Required work: From the line containing "Leaf-Shaped Plate With Salad and Dill photo" to the last line of the data below, copy everything exactly and nothing else; pictures stay out.
§
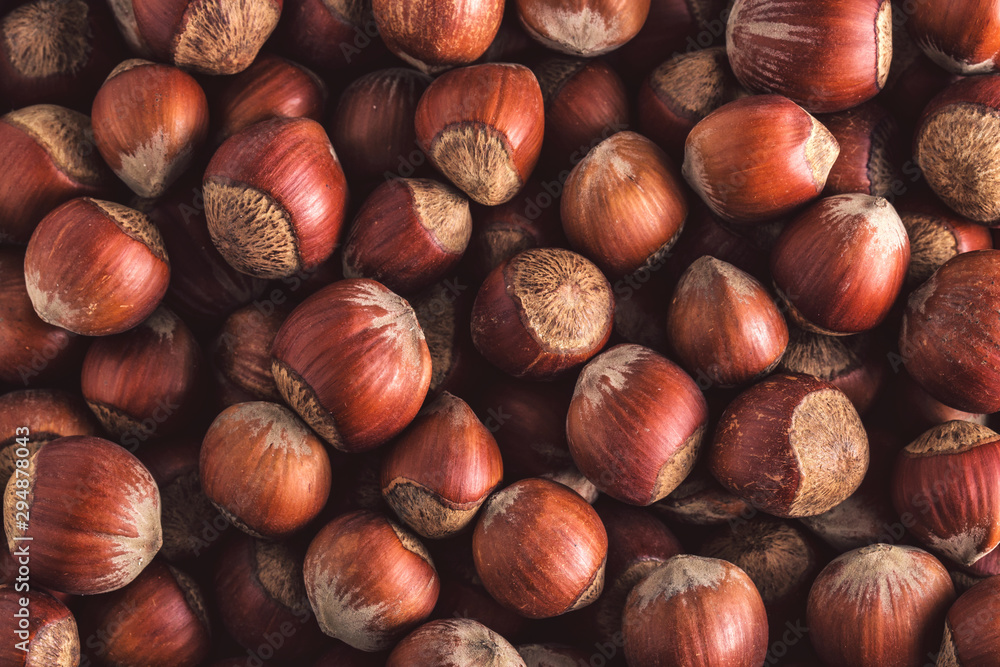 Hazelnuts. Stack of hazelnuts. Food background. Hazelnuts texture. Top view Hazelnuts. Stack of hazelnuts. Food background. Hazelnuts texture. Top view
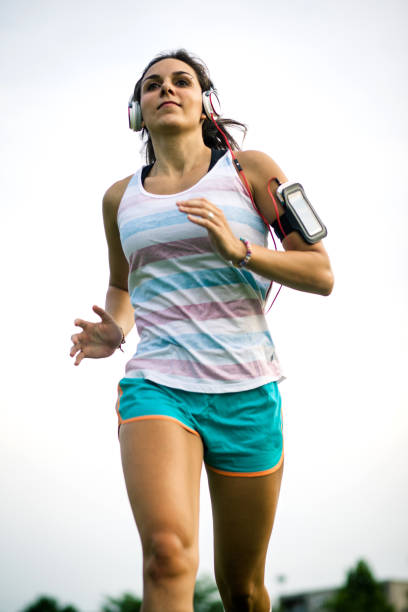 istock Young sporty girl running 692732482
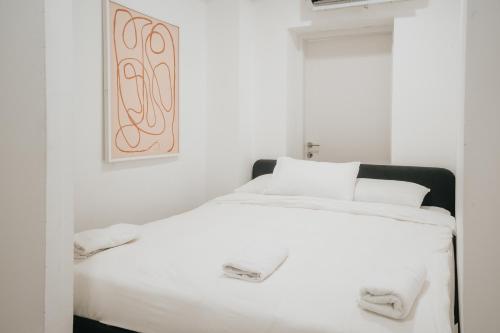 a bedroom with a white bed with a picture on the wall at מלון סנטרל ביץ תל אביב in Tel Aviv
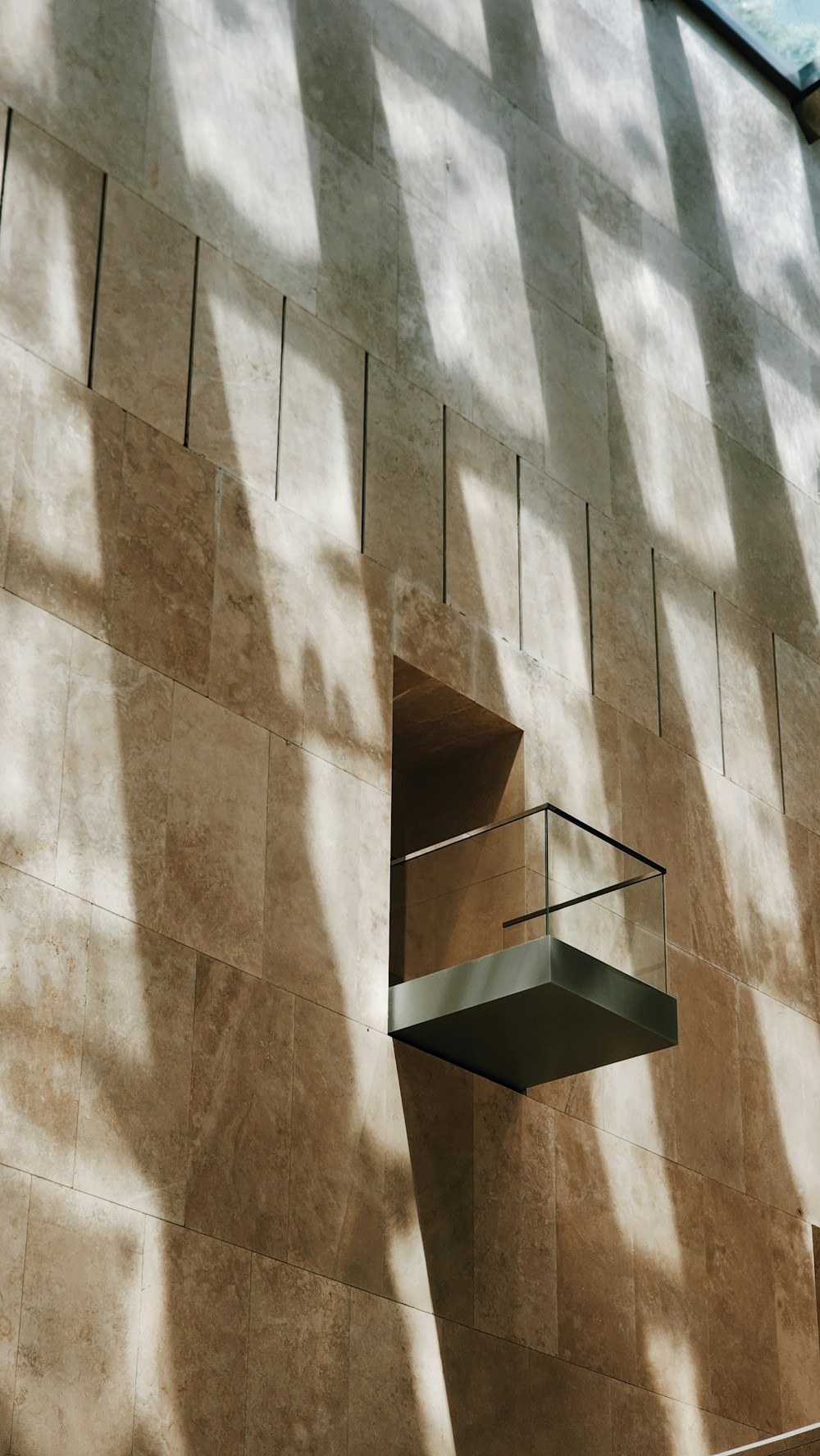 Geometric modern architecture in warm stone with precise light and shadow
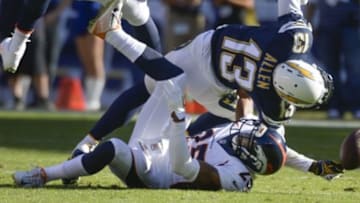 Dec 14, 2014; San Diego, CA, USA; Denver Broncos cornerback Chris Harris (25) brings down San Diego Chargers wide receiver Keenan Allen (13) during second quarter action at Qualcomm Stadium. Mandatory Credit: Robert Hanashiro-USA TODAY Sports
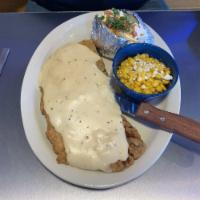 Country Fried Steak · Country fried steak smothered in cream gravy and served with choice of two sides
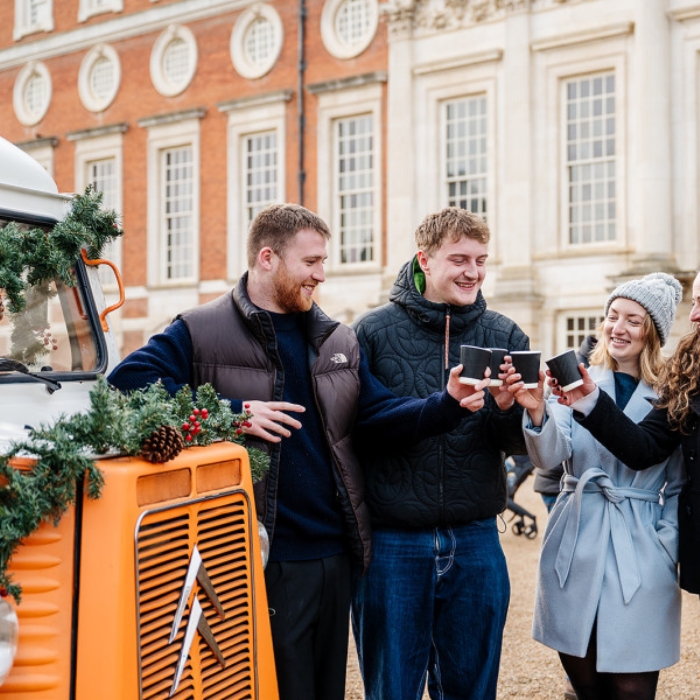 an image of 4 people outside of hampton court palace drinking hot drinks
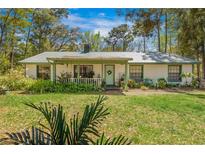 Charming single-story home with a covered front porch and well-maintained landscaping at 20354 Gamble Dr, Brooksville, FL 34601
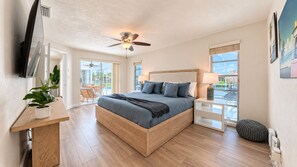 Un dormitorio con cama, mesita de noche, lámpara, ventilador de techo y vistas al exterior.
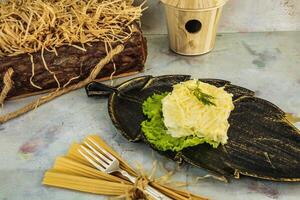 Leaf-Shaped Plate With Salad and Dill photo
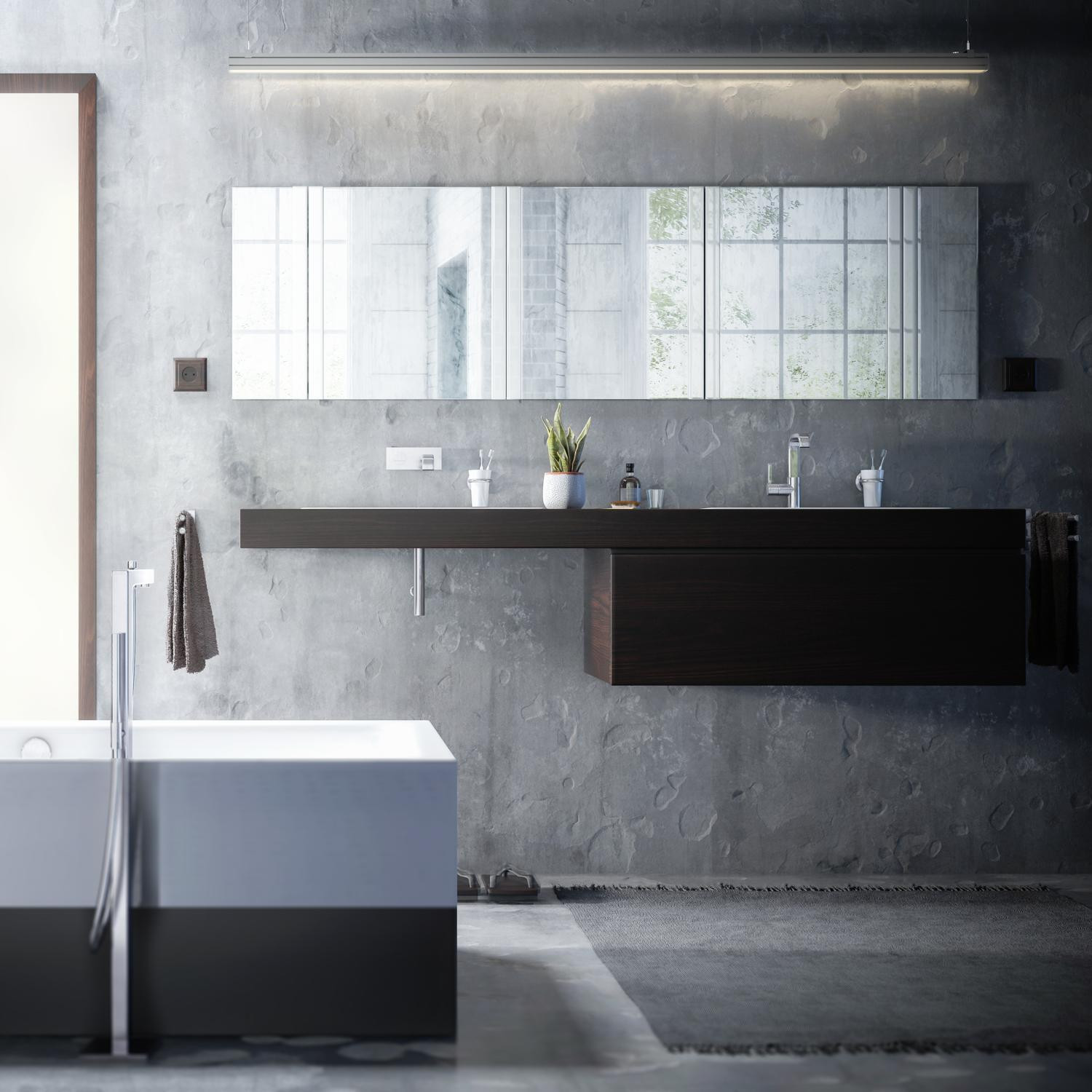 Modernes Badezimmer im Industrial Style mit Betonwand, freistehender Badewanne und dunklem Waschtisch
§
Exercise answer:
 Leaf-Shaped Plate With Salad and Dill photo
 Modernes Badezimmer im Industrial Style mit Betonwand, freistehender Badewanne und dunklem Waschtisch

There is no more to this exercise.